In hindsight, with all we know now about Jim Gavin and the guiding influence of military doctrine on the type of football manager he would become, it's an easy scene to picture.
Gavin, the freshly crew-cut cadet in 1990. Eight weeks into his schooling in McDonagh Barracks in the Curragh.
Sheepish from the severity of that initial training.
Into the room walks Dermot Earley.
"We weren't like frightened puppies but when the senior officer comes into the room, you stand and you salute," he recalled of his first encounter with the legendary Roscommon footballer, who went on to become Chief of Staff, before a third level match between the cadets and Mary Immaculate College.
"He went around, shook our hands and asked us where we were from.
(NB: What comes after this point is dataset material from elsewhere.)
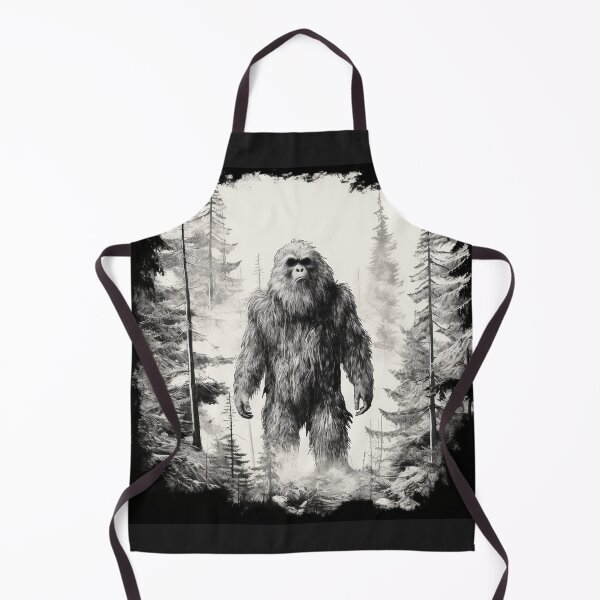 Item preview, Yeti, Bigfoot, Abominable Snowman Retro Classic  designed and sold by redstar19.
Then he talked a bit about tactics.
"But," Gavin recalls with sparkling clarity, the experience having had a sincere effect on him, "he didn't talk about winning.
"What he said was, 'the greatest reward you'll ever get from anything in life is the satisfaction of doing something well and to the best of your ability'.
"And that is pretty much the philosophy that we used in my time with Dublin."
That was one of the many, varied stories told by Gavin on Wednesday night in an online conversation with fellow Clondalkin-er, Jim Kelly, a childhood friend and now Director of Coaching with Lansdowne Yonkers FC in New York.
Over ninety minutes of informal chat, Gavin darted up and down the spectrum of influences on his own coaching principles, many illustrative of how profoundly the military - and later, aviation safety - shaped his method of building and maintaining the most successful Gaelic football team in 40 years.
But there were others.
Events and people Gavin either avoided speaking about during his seven seasons as Dublin manager or just never cropped up in conversation.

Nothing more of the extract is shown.